Cinéma

Y’A DU CINÉ DANS L’AIR ! – N°130

LES ETERNELS (ASH IS PUREST WHITE) (Compétition Officielle) (sortie prévue le 26 décembre)

de Jia Zhang-ke (Zhao Tao, Fan Liao, Feng Xiaogang)

 

Jia Zhang-Ke, déjà récipiendaire du prix de la mise en scène, en 2013, pour l’inégal « A TOUCH OF SIN » – et gros oublié du palmarès en 2015 avec le splendide « AU DELÀ DES MONTAGNES », cri d’alarme pertinent sur les méfaits du capitalisme sauvage et relation filiale bouleversante – revient en découdre.
2001. Qiao, une jeune femme, est amoureuse de Bin, petit chef de la pègre locale de Datong. S’occupant de son père, minier et malade, elle n’hésite pas à s’investir dans la vie locale. Un soir, Bin est attaqué par une bande d’adolescents et, les choses tournant mal, elle sort un revolver et tire avec. Condamner pour port d’arme illégale, elle prend cinq ans de prison. À sa sortie, les choses ont passablement changé…
Il faut bien l’avouer, c’est une déception.
Si l’essentielle de la forme est toujours présente – composition minutieuse des cadres -, force est de reconnaître une baisse de créativité dans l’enchaînement des plans et des problèmes concernant la narration – trop linéaire – et le rythme générale de l’ensemble.
Malgré les efforts concernant l’image et la photographie dues au français Eric Gaultier, rien de comparable avec la maestria de Nelson Lik-wai Yu, chef opérateur attitré d’ordinaire de Zhang-ke.
Le plus frustrant reste le fond à proprement parler.
Si l’approche du gangstérisme, ici, est plutôt intéressante – montrer le quotidien et donc une certaine banalité des voyous – encore faudrait-il y insuffler de l’originalité et surtout du lyrisme dans l’exposition des clichés habituels – les karaokés, la corruption.
Malgré la beauté indéniable et la justesse de Zhao Tao – déjà dans « AU DELÀ DES MONTAGNES » -, son compagnon de jeu, Fan Liao – pourtant très bien dans le curieux « BLACK COAL » – s’avère en deçà et son personnage trop hermétique pour que l’on puisse être attendri par cette romance déséquilibrée, jamais réhaussée par la mutation économique du pays en toile de fond.
Bref, trop de politesse et pas assez de gros mots.

 

 

ARCTIC (Hors Compétition) (sortie prévue le 5 décembre)

de Joe Penna (Mads Mikkelsen, Maria Thelma Smáradóttir)

 

Le pôle Nord, c’est vaste, froid et ça ne pardonne pas si l’on a la malchance de se retrouver là-bas, tout seul, avec des moyens de survie limitée dans le temps.
Demandez-donc à Mads Mikkelsen.
Celui-ci, dans ce premier long d’un ancien youtubeur brésilien à succès, campe un pilote d’avion qui s’est crashé dans le grand manteau blanc et lutte en attendant d’éventuels secours.
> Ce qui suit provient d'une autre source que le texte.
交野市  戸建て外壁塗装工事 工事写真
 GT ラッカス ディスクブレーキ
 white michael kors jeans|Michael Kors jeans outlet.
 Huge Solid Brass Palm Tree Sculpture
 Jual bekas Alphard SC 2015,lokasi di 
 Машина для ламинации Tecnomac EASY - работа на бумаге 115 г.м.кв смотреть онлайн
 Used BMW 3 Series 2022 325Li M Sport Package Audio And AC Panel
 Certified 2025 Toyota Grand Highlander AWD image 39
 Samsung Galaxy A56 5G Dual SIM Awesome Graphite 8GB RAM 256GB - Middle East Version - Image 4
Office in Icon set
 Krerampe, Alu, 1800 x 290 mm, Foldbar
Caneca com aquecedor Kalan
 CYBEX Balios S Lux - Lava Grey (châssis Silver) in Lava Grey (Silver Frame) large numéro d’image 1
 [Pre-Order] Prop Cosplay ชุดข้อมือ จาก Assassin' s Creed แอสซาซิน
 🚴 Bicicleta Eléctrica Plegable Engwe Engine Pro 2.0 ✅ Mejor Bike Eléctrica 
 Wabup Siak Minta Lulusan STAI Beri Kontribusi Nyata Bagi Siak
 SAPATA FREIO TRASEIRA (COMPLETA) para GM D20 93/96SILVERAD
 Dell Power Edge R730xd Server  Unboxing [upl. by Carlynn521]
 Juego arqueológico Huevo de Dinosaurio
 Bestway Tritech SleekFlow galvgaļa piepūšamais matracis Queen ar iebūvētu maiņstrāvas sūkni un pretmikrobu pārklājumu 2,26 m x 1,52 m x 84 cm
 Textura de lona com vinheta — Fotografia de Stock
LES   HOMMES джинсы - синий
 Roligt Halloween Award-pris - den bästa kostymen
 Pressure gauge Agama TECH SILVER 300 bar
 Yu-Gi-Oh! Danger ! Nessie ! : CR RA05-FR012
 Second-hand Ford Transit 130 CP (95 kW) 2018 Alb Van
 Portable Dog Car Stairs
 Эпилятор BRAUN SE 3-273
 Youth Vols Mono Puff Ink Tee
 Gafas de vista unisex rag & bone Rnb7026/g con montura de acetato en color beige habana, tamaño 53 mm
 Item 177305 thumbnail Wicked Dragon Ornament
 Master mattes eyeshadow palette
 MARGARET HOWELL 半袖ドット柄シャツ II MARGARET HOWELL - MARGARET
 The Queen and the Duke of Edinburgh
Ces derniers arrivent sous la forme d’un hélicoptère qui passait par là et qui, manque de pot, s’écrase également. Mikkelsen parvient à sauver in extremis une des occupantes gravement blessée. Il va alors entreprendre – pour la sauver – un long périple suicidaire pour rejoindre une base éloignée.
Le « survival » est un genre à part entière.
Le dernier en date le plus mémorable reste l’excellentissime « LE TERRITOIRE ES LOUPS » de Joe Carnahan avec un Liam Neeson dantesque.
Présentement, on n’y est pas, mais alors pas du tout.
En dépit de la sincérité évidente de Mads à l’écran, le spectateur, incrédule, subit un long calvaire aux situations incohérentes – le protagoniste principal n’a pas besoin de lunettes de soleil pour échapper à la réverbération du soleil, où si il n’en possède plus, n’est en rien gêné par cela – et frisant parfois le ridicule, voire la séquence finale.